The data:
▬▬▬

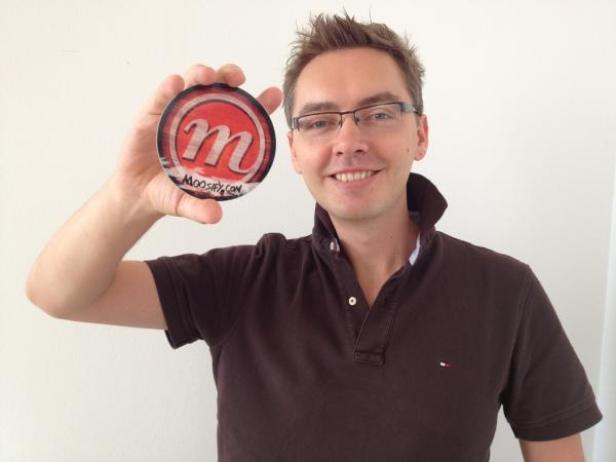 Ein Mann hält einen Aufkleber mit dem Buchstaben „M“ hoch.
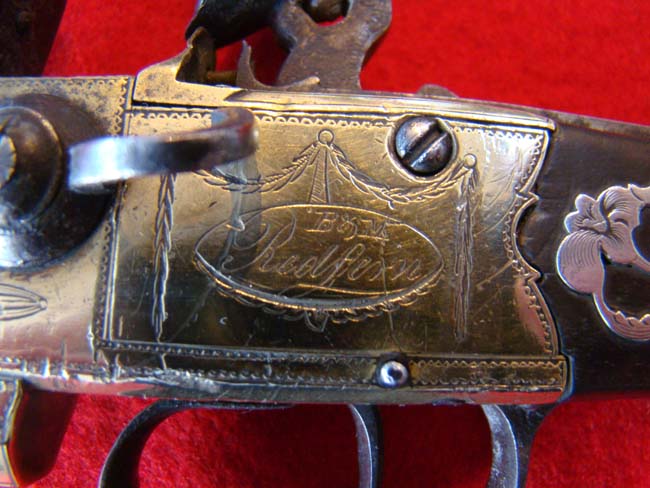A fine late 18th century English tap action over/under brass barreled flintlock pistol — image 5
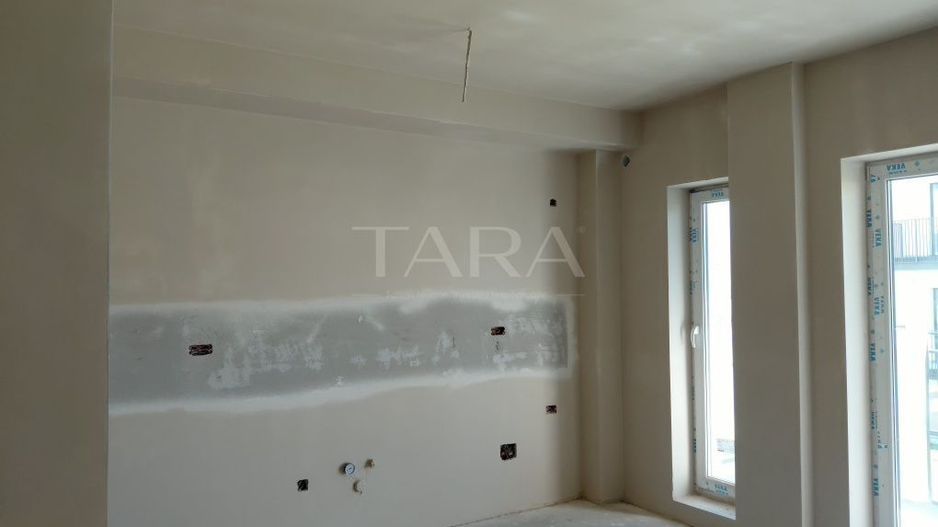 Apartament open-space cu nișă de dormit, CF și parcare subterană. - Poză 1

▬▬▬

Exercise:
Once the pictures are removed, repeat all of the data above exactly.

Answer space:
 Ein Mann hält einen Aufkleber mit dem Buchstaben „M“ hoch.
A fine late 18th century English tap action over/under brass barreled flintlock pistol — image 5
 Apartament open-space cu nișă de dormit, CF și parcare subterană. - Poză 1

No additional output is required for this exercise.